Amazon Elastic Container Service (ECS) Fargate	サーバーのプロビジョニングや管理をすることなく、コンテナアプリケーション（DifyのWeb、API、Workerサービスなど）を実行できるコンテナオーケストレーションサービスです。
Amazon Simple Storage Service (S3) Bucket	高い耐久性、可用性、拡張性を誇るオブジェクトストレージサービスです。画像、動画、ドキュメントなど、あらゆる種類のデータを保存できます。Difyではナレッジベースの元ファイルなどに使われます。
Amazon Relational Database Service (RDS) Aurora Postgres Cluster	PostgreSQLと互換性のある、高性能でスケーラブルなリレーショナルデータベースサービスです。Difyの会話履歴やアプリケーション設定、ベクトルデータなどの永続的な保存に使われます。
Amazon ElastiCache for Redis	インメモリデータストアサービスで、高速なデータアクセスを提供します。セッション情報や一時的なキャッシュデータなど、頻繁にアクセスされるデータをメモリ上に保存することで、アプリケーションのパフォーマンスを向上させます。
AWS Secrets Manager	データベースの認証情報、APIキー、その他の機密情報を安全に保存、管理、取得できるサービスです。Difyが外部LLMプロバイダーなどにアクセスする際のAPIキーの管理に利用されます。
NAT Gateway	VPC内のプライベートサブネットに配置されたインスタンスが、インターネットへのアウトバウンド接続のみを可能にするためのサービスです。
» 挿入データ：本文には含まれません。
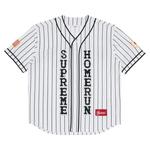 Топы Supreme x Homerun Baseball Jersey 'Stripe' 1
これにより、プライベートサブネットのリソースは外部から直接アクセスされることなく、必要なインターネット上のサービスと通信できます。
AWS Key Management Service (KMS)	暗号化キーを簡単に作成および管理できるサービスです。AWSの他のサービス（S3、RDS、Secrets Managerなど）と統合されており、データの保管時および転送時の暗号化に利用されます。
AWS Identity and Access Management (IAM)	AWSリソースへのアクセスを安全に管理するためのサービスです。誰がどのAWSリソースにアクセスできるかを細かく制御するポリシーを作成し、最小権限の原則を適用するために使用されます。

Dify on AWS アーキテクチャの概要

引用) https://github.com/aws-samples/dify-self-hosted-on-aws/blob/main/imgs/architecture.png

上記のアーキテクチャは、AWS JAPANがサンプルとして公開している、AWS上にセルフホストされたDifyのアーキテクチャです。参考としてLanggenius社が公開しているDify on AWSの一般的なアーキテクチャも以下に示します。
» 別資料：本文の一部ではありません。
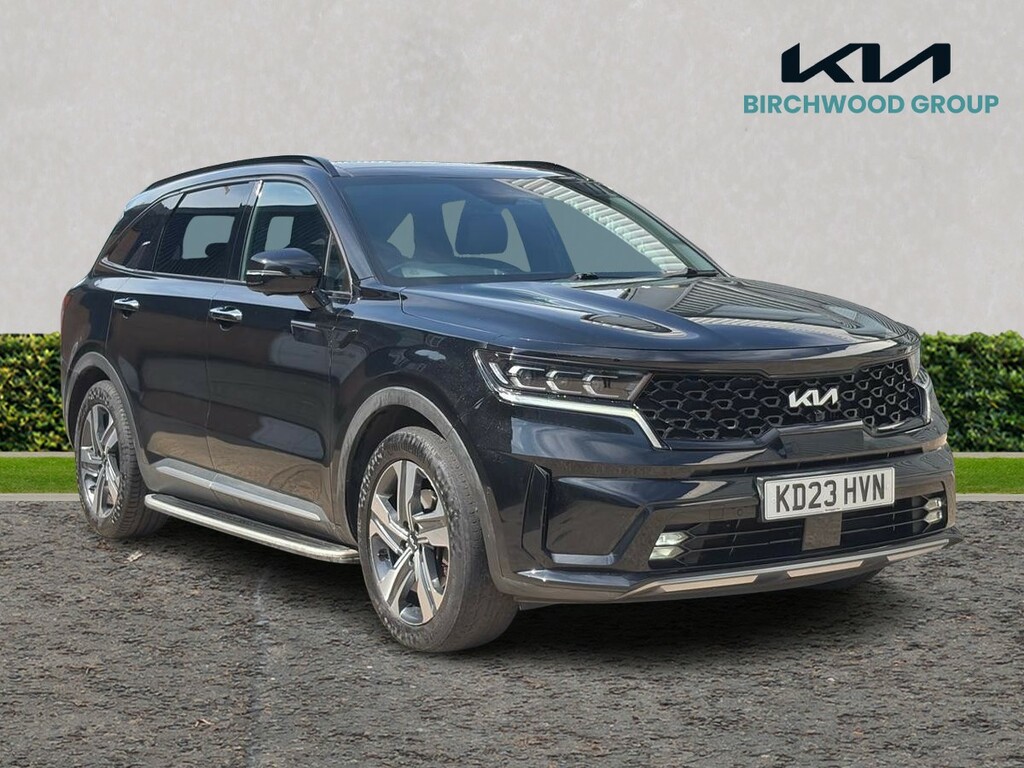 Kia Sorento Edition Hev Awd A KD23HVN Black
引用）https://github.com/langgenius/aws-cdk-for-dify

1. フロントエンドとロードバランシング

• ユーザーからのリクエストはまずALB (Application Load Balancer)（複数のサーバーにトラフィックを分散させるサービス）を通じてDifyの各サービスにルーティングされます。例えば、ユーザーがWebブラウザでDifyのURLにアクセスすると、ALBがそのリクエストを受け取り、適切なDifyサービスへ振り分けます。 オプションでACM (AWS Certificate Manager)（SSL/TLS証明書を管理するサービス）を利用してTLS通信を暗号化します。（図中の「Application Load Balancer」を参照）

2. Difyサービス群

• Dify Web Service: ユーザーインターフェースを提供します。
• Dify API / Sandbox Service: Difyアプリケーションの主要なAPIロジック、プロンプト処理、外部LLMとの連携などを担当します。ユーザーがメッセージを送信したり、ナレッジベースから情報を検索したりする際に、このサービスが中核的な処理を行います。
• Dify Worker Service: バックグラウンド処理や非同期タスクを実行します。例えば、ナレッジベースに大量のドキュメントをアップロードした際、そのエンベディング処理をこのサービスが非同期で担当します。 これらのサービスは ECS Fargate（サーバーの管理なしでコンテナアプリケーションを実行できるサービス）上で稼働します。

3. ストレージとキュー

• S3 Bucket: ナレッジベースの元ファイルや静的アセットを保存します。ユーザーがPDFやテキストファイルをナレッジベースとしてDifyにアップロードすると、それらのファイルがS3に格納されます。
• RDS Aurora Postgres Cluster: ユーザーの会話履歴、アプリケーション設定、エンべディング化されたナレッジデータなどを保存します。
• ElastiCache Redis: セッション情報や一時的なキャッシュデータを保存します。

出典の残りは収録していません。